L’empereur persécuteur de chrétiens, qui ne protégea pas plus les femmes que les esclaves, ne s’est jamais présenté comme le « prince philosophe » qu’il est devenu au XVIIIe siècle. Il n’a élaboré ni doctrine ni système. Il s’est contenté de se mettre en conformité avec la justice de son temps pour « mourir entouré de la satisfaction des autres » et auprès des dieux auxquels il croyait.

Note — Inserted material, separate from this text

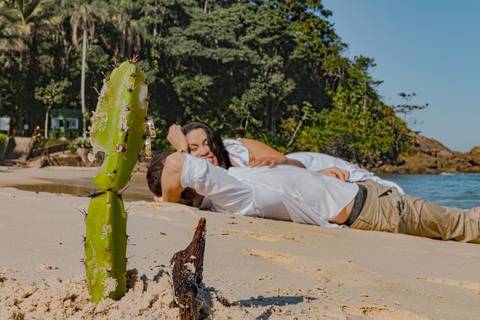 As melhores ideias e inspirações criativas de fotos de ensaio pré wedding na Praia do Guarujá'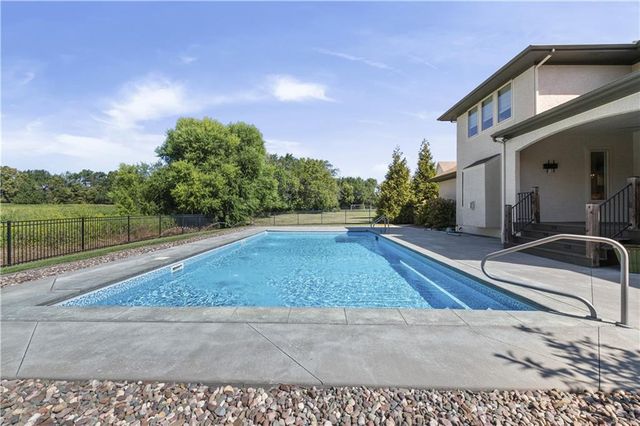 16408 Rosehill Street, Overland Park, KS 66221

Dans cet essai aussi inspiré qu’inspirant, Pierre Vesperini lit Marc Aurèle en le séparant de Sénèque ou d’Epictète. Sa proposition est astucieuse. D’autant qu’il ne cherche pas la critique systématique de ceux qui ont cru au Marc Aurèle stoïcien. Mais, en le suivant, on comprend pourquoi ils y ont cru. Car dire le vrai, le juste, ce qui est beau et ce qui convient, ce n’est peut-être pas de la philosophie, mais c’est déjà le commencement de la sagesse.